Budowa zaprojektowanej biogazowni o mocy elektrycznej wynoszącej 1,2 MW w Świdwinie, który EEI kupiła w minionym kwartale, rozpocznie się do końca czerwca. Prace budowlane potrwają do końca roku.
Projekt posiada już 6 mln zł dofinansowania z Regionalnego Programu Operacyjnego Województwa Zachodniopomorskiego. Pozostałe środki będą pochodzić od partnerów finansowych, ale spółka nie ujawnia szczegółów. Średni koszt budowy 1 MW w tej technologii to 16 mln zł netto.
Kolejny projekt planowany na ten kwartał także ma dotację. Jest to biogazownia zlokalizowana na Dolnym Śląsku o mocy 1 MW. – Przy założeniu, że projekt ma przyznaną dotację, stopa zwrotu wynosi ok. pięciu–sześciu lat.
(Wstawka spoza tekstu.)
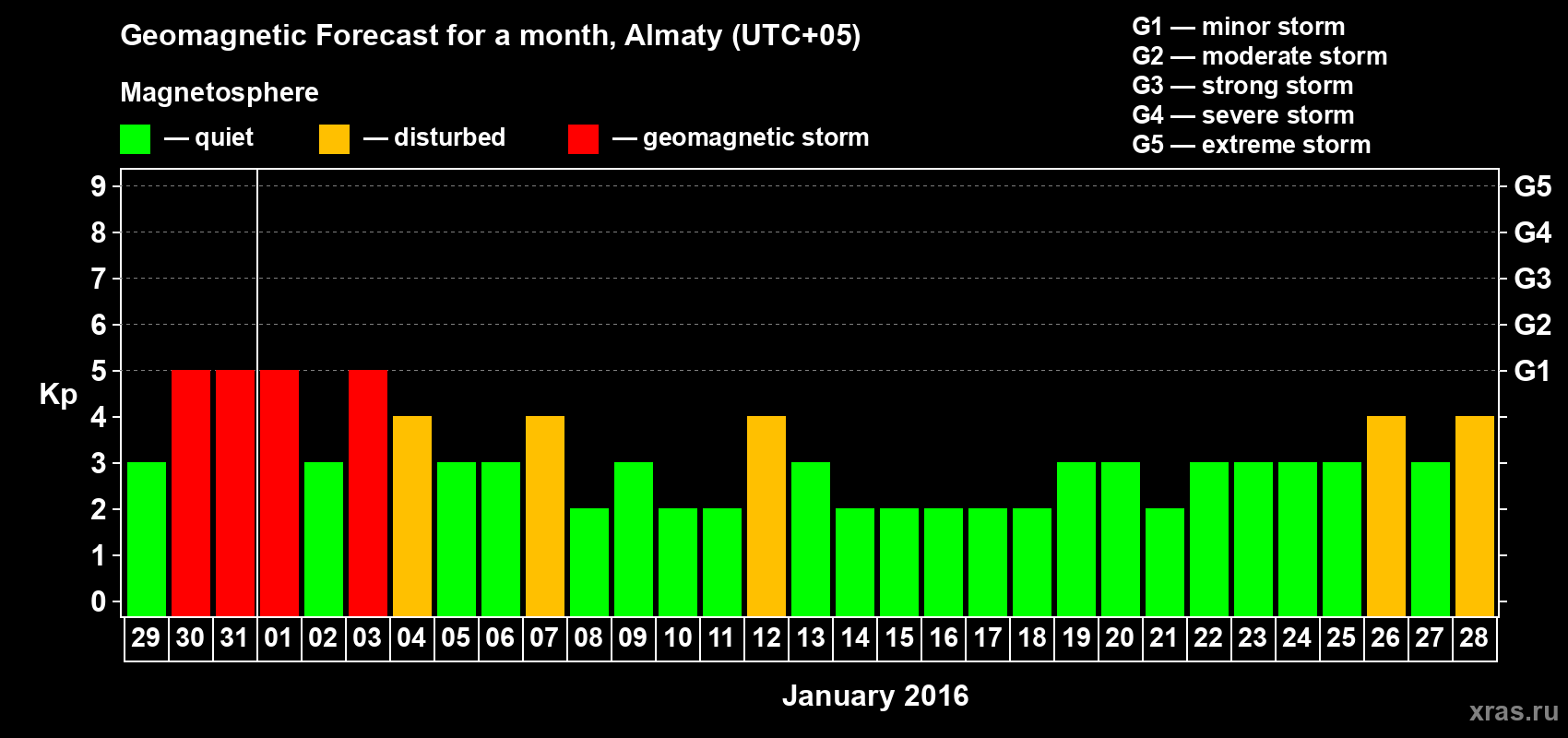 Forecast of the daily maximal value of geomagnetic index Kp for <b>1 month</b> (31 days) <b>from Dec 29, 2015 to Jan 28, 2016</b>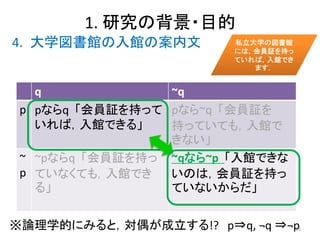1. 研究の背景・目的
4. 大学図書館の入館の案内文
q ~q
p pならq 「会員証を持って
いれば，入館できる」
pなら~q 「会員証を
持っていても，入館で
きない」
~
p
~pならq 「会員証を持っ
ていなくても，入館でき
る」
~qなら~p 「入館できな
いのは，会員証を持っ
ていないからだ」
※論理学的にみると，対偶が成立する!? p⇒q, ¬q ⇒¬p
15
 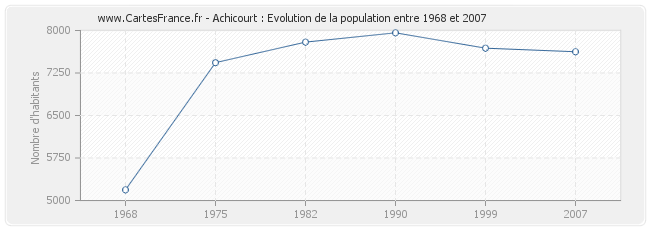 Population Achicourt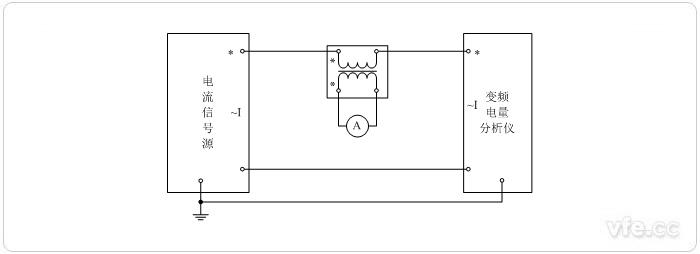  电流互感器扩展量程(A—标准电流表)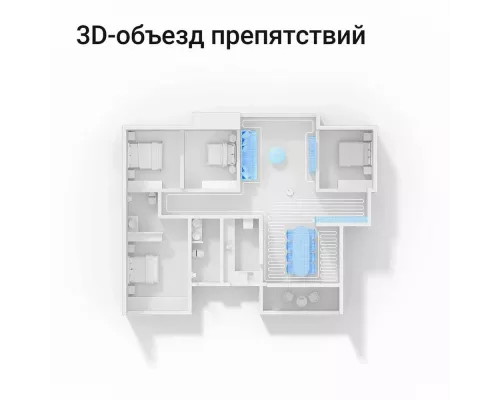 Робот-пылесос Xiaomi Robot Vacuum S10+ EU белый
Mniejsze jednostki dysponujące mocą do 1 MW mogą się bardziej opłacać, dlatego spółka zostawia sobie możliwość wyboru w przypadku zmian regulacji i będzie na bieżąco monitorowała sytuację – mówi Agnieszka Król, prezes EEI.
Jak twierdzą władze spółki, większa jasność co do projektu ustawy o OZE sprawia, że inwestorzy zaczęli znowu patrzeć na ten rynek. Umożliwia to skuteczniejsze prowadzenie negocjacji z zagranicznymi funduszami inwestycyjnymi.